Project to Generate Random Words

Since I write software for a living (and for a hobby), I thought it would be interesting to write a quick Python program to see how many random words I could generate that were valid words.
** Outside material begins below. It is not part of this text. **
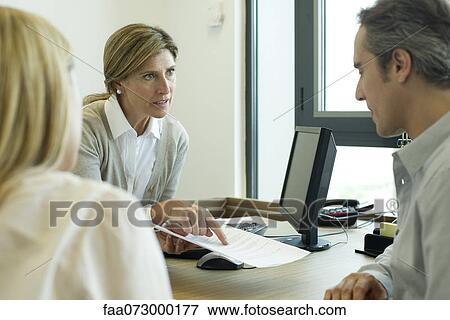 Businesswoman discussing contract with clients View Large Photo Image Stock Photo - Businesswoman discussing contract with clients. Fotosearch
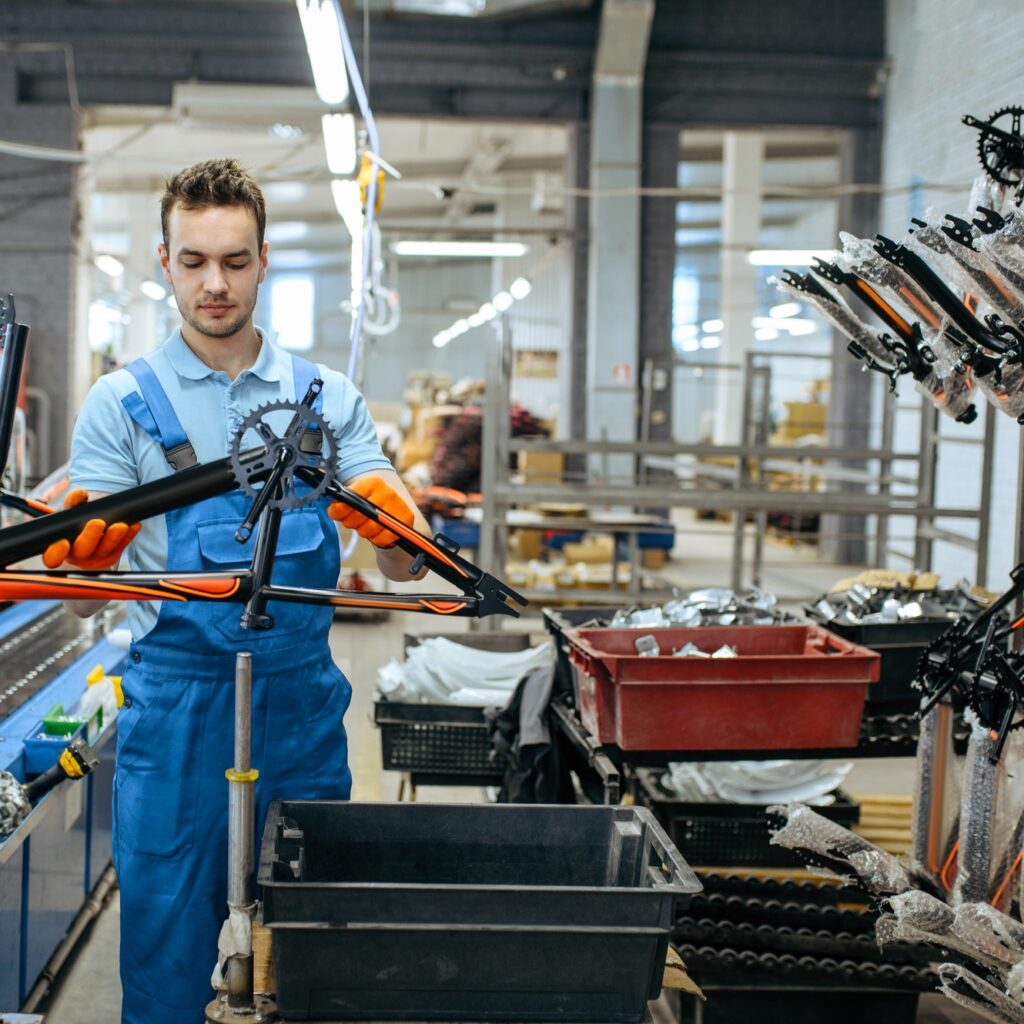 Bicycle factory, worker holds teen bike frame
In this post, I’m not drawing any conclusions or extrapolations from the data, rather just reporting the results.  The key to making this work was to find a way to determine if the words I was generating were valid or not.  So, I decided to bounce the words off of the Merriam-Webster dictionary online.  After looking at how they construct the URL, I figured out how I could do it.  I have provided the source code and you can download it here:
Random Word Generator code
Here is a view of the code where you can see it formatted with syntax highlighting and coloring:
Image of formatted source code

The code essentially uses the letters of the alphabet to try to construct random words in the range of 3 to 12 characters long. Immediately discarded are any randomly generated words with 4 or more consonants in a row OR any words that already exist in the list of words already found to be valid. This saves the app from having to make another web page read when I can determine ahead of time that the word is not valid. Another feature of the program is that it sleeps for a random range of 3 to 8 seconds between each call to Merriam Webster, that way I’m not hammering their server, but rather am behaving more like a real user of the site with “think time” built in.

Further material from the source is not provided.